Bem, por que ser catador é ser visto como marginal, como pessoa descartável? Que estigma! Isto, de uma nova economia, do transformar “lixo em luxo”, como dizia o ambientalista Lutzember, descartável em reutilizável e assim destruir menos a nosso grande bem com natural, o Planeta Terra, é fazer um trabalho essencial. Nossos governantes nem estão aí para a questão. Algo muito inicial se fez nos bons tempos da SENAES – Secretaria Nacional de Economia Solidária, sob o comando do visionário Paul Singer. Mas agora, com o Governo Temer que só pensa em “liberar” o extrativismo, sem nenhum controle ambiental ou social, para preservar o poder, tudo ficou pior.
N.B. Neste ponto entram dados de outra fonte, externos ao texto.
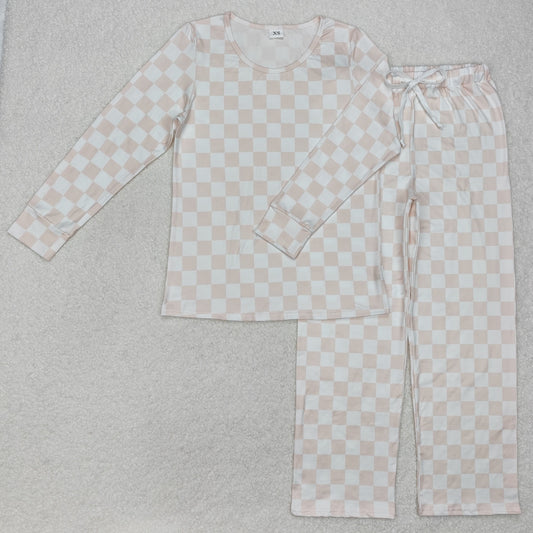 Adult Women Long Sleeves Checkered Long Sleeve Tops Pants Pajamas Outfit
Gostaria de concluir com uma espécie de “moral da história”:
- Existem boas práticas de cuidado e preservação, com sentido de busca das condições de viver, no nosso cotidiano. Além de catadores de latinhas, temos os catadores de papelão, plástico e ferros, assim como as cooperativas e o Movimento Nacional de Catadores espalhados pelo país inteiro, temos a ASA – Articulação do Semiárido, com as cisternas e os bancos de sementes, temos o movimento da agroecologia e agricultura orgânica, temos as iniciativas e movimento da economia solidária, entre tantos outros.
- As sementes do outro Brasil resistem e estão brotando por aí. Olhemos mais para elas! Respeitemos mais e apoiemos o trabalho essencial que fazem coletores e recicladores de nosso lixo. Procuremos tornar tudo mais visível e debatido. Sonhemos juntos para recolocar o cuidado no centro de uma nova economia, um novo projeto de país.